Abstract

Background and Aim:Various airway indices are used either singly or in combination to predict difficult laryngoscopy. Recently introduced ratio of height to thyromental distance (RHTMD) is reported to have better predictability. We aimed to assess the prediction of difficult laryngoscopy by RHTMD and compared it with other indices.Material and Methods:In this prospective, single-blinded comparative observational study, 300 adult patients of either gender scheduled to receive general anesthesia were assessed. Airway indices, like RHTMD, thyromental distance, modified Mallampati test, and upper lip bite test, were assessed and correlated with Cormack and Lehane's laryngoscopic grading. The validity parameters like specificity, sensitivity, positive predictive value (PPV), negative predictive value (NPV), and accuracy were calculated for each test. Effect of combining all the indices was also analyzed.

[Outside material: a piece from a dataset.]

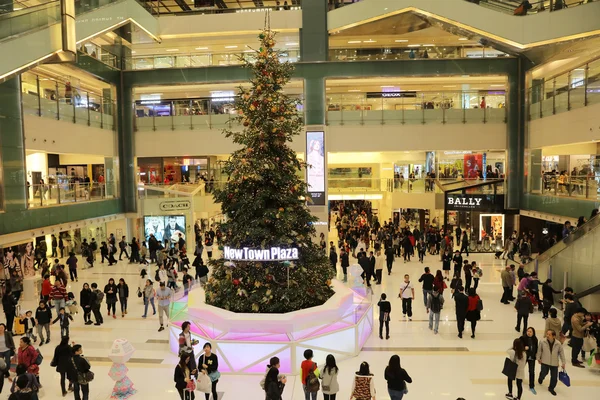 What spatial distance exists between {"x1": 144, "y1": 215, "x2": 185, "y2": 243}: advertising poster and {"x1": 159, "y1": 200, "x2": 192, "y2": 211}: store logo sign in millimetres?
734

Receiver operating characteristic curves were constructed and optimal cutoff value for the quantitative indices was calculated.Results:The incidence of difficult laryngoscopy in our study was 5.33%. Of the four indices, the single best test was RHTMD, with better sensitivity, high specificity, NPV, and accuracy and with good PPV. A combination of all the indices resulted in 100% sensitivity and higher specificity.Conclusions:RHTMD is a single best preoperative test for predicting difficult laryngoscopy. A combination of tests has higher sensitivity and specificity with better discriminative power. Therefore indices should be used in combination in the preoperative airway assessment of adult patients.